Although the details are murky, it seems safe to say that a power struggle is under way in Iran. Among the key players are the president, the supreme leader, the current intelligence minister and the president's chief of staff.

It's a story that also includes the possible bugging of the president's office and charges of black magic and sorcery among some of his partisans.

And for the moment, President Mahmoud Ahmadinejad appears to be the loser.

'No Legitimacy' Without Supreme Leader

The story starts with Ahmadinejad firing Iran's minister of intelligence, Heydar Moslehi. Then, Supreme Leader Ayatollah Ali Khamenei reinstated Moslehi. In response, Ahmadinejad refused to attend Cabinet meetings for 10 days.

That was Ahmadinejad's big mistake, says Farideh Farhi, an Iran expert at the University of Hawaii. With that behavior, Ahmadinejad weakened his position substantially, she says.

"He was told to come back to work in no uncertain terms. Many supporters of Mr. Khamenei went in public and essentially said over and over again that the president of Iran has no legitimacy or support or public standing unless the leader gives him so," Farhi says.

Why did Ahmadinejad behave like this? It seems he was motivated by loyalty to his chief of staff, Esfandiar Rahim Mashaei.

Mashaei is a highly polarizing figure, one not liked by many other conservatives, nor by the supreme leader himself. Ever since he was elected president, Ahmadinejad has put Mashaei at the center of his inner circle — much to the dismay of conservatives in the press and the Parliament, says Muhammad Marandi, a political science professor at Tehran University.

"It seems that, yes, he is very central to what has been going on. He apparently is the person who wanted the minister of intelligence removed," Marandi told al-Jazeera English.

According to a widely published story, it is believed that Mashaei wanted Moslehi, the minister of intelligence, removed because Moslehi was bugging his office and possibly Ahmadinejad's office as well.

Charges Of Corruption, Sorcery

Hostility toward Mashaei is so intense among Khamenei's supporters that it has led to the arrest of some of Mashaei's associates on charges of corruption, demon-worship and sorcery, says Nader Hashemi of the University of Denver. Hashemi is a co-editor of a recently published book about Iran's Green Movement opposition, The People Reloaded.

"There's been a series of reported arrests of close allies and friends of Mashaei in particular, claiming that they have been involved in black magic, in distorted interpretations of Shia Islam," Hashemi says.

But it's nothing more than a naked attempt to grab political power, Hashemi says.

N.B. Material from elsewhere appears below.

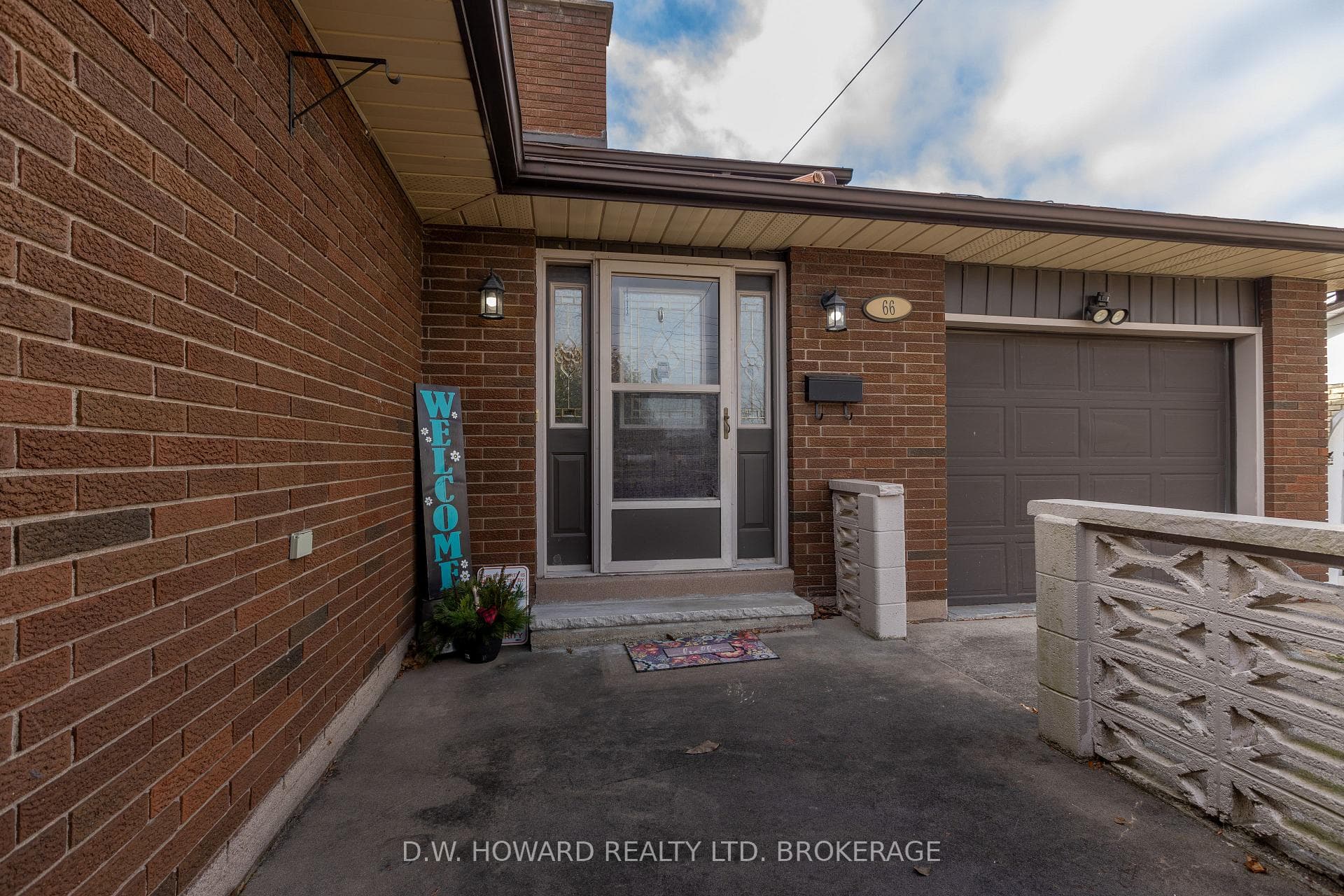 66 Watt Avenue photo 2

"There's no sort of deep principles involved here. All of them will invoke Iranian nationalism and Shia Islam and political Islam as a way of justifying their political position. But really it's a battle between different Mafia-style political camps, each combating against the other camp in order to obtain political power as way of advancing their own group's political clout."

As a result of all this, it has been primarily Ahmadinejad who has suffered, says Marandi of Tehran University.

"The president's position is weakened significantly as a result, because his chief of staff isn't popular among the political elite and among parliamentarians and so on," Marandi says.

Some have even called Ahmadinejad a lame duck, serving out the last two years of his second and final term with greatly diminished status. But Farhi says removing Ahmadinejad or forcing his resignation is not likely.

"His resignation would also look bad on Mr. Khamenei, so I would assume that all attempts will be made to prevent that from happening," she says.

The latest chapter in this story, as of a few days ago, has Khamenei ordering Ahmadinejad to support the intelligence minister or quit. On Sunday, Ahmadinejad returned to work and to a Cabinet meeting, with the intelligence minister present.